Balaji Lakshminarayanan

Building neural networks that know what they don’t know

Balaji Lakshminarayanan · Google Brain

2022-05-09

Video

Deep neural networks can make overconfident errors and assign high confidence predictions to inputs far away from the training data. Well-calibrated predictive uncertainty estimates are important to know when to trust a model’s predictions, especially for safe deployment of models in applications where the train and test distributions can be different. I’ll first present some concrete examples that motivate the need for uncertainty and out-of-distribution (OOD) robustness in deep learning. Next, I’ll present an overview of our recent work focused on building neural networks that know what they don’t know. In particular, I’ll discuss two complementary directions: (1) spectral-normalized neural Gaussian process (SNGP) which improves single model uncertainty by combining smooth representations with last layer Gaussian process and (2) understanding deep ensembles from a loss landscape perspective and using these insights to devise better ensembles and Bayesian neural networks.
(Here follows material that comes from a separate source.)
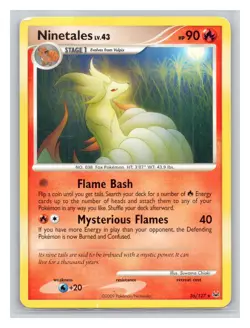 Pokemon TCG Ninetales 36/127 Platinum Normal MP - Image 1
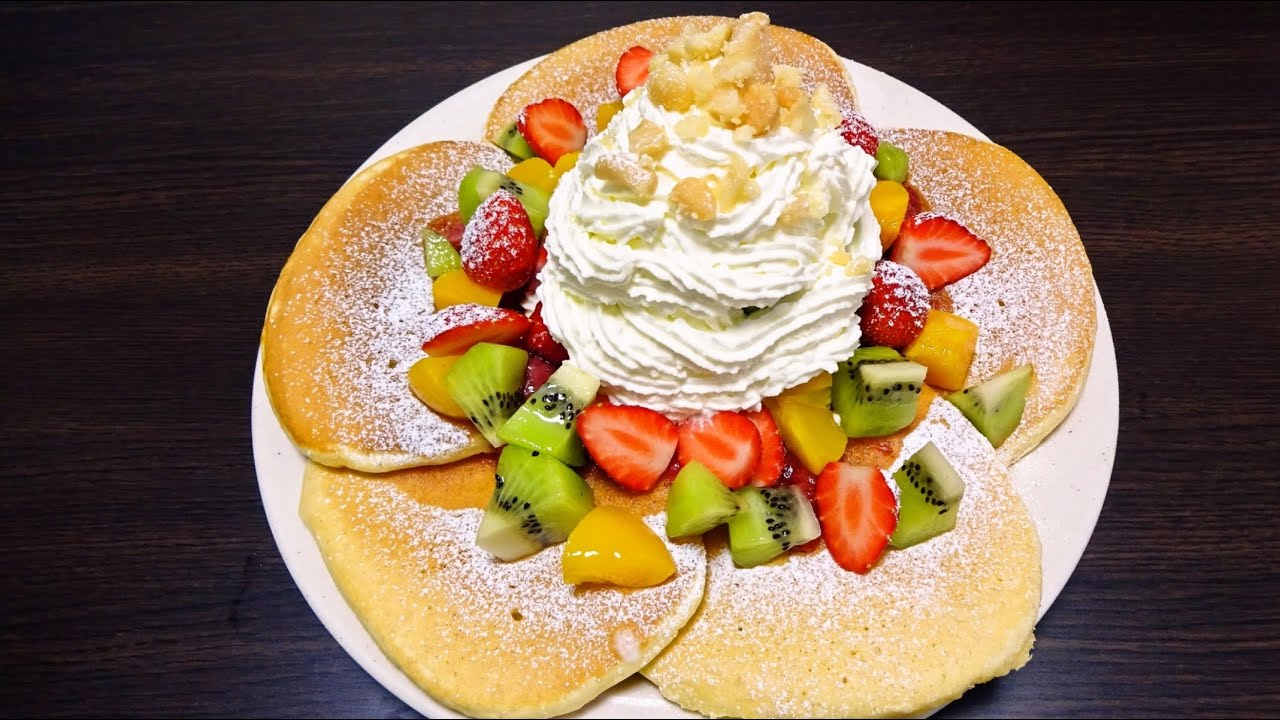 カフェ風パンケーキの作り方 How To Make A Pancake Youtube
Balaji Lakshminarayanan is a staff research scientist at Google Brain. His recent research is focused on probabilistic deep learning, specifically, uncertainty estimation, out-of-distribution robustness and applications. Before joining Google Brain, he was a staff research scientist at DeepMind. He received his PhD from the Gatsby Unit, University College London where he worked with Yee Whye Teh. He has co-organized several workshops on “Uncertainty and Robustness in deep learning” and served as Area Chair for NeurIPS, ICML, ICLR and AISTATS.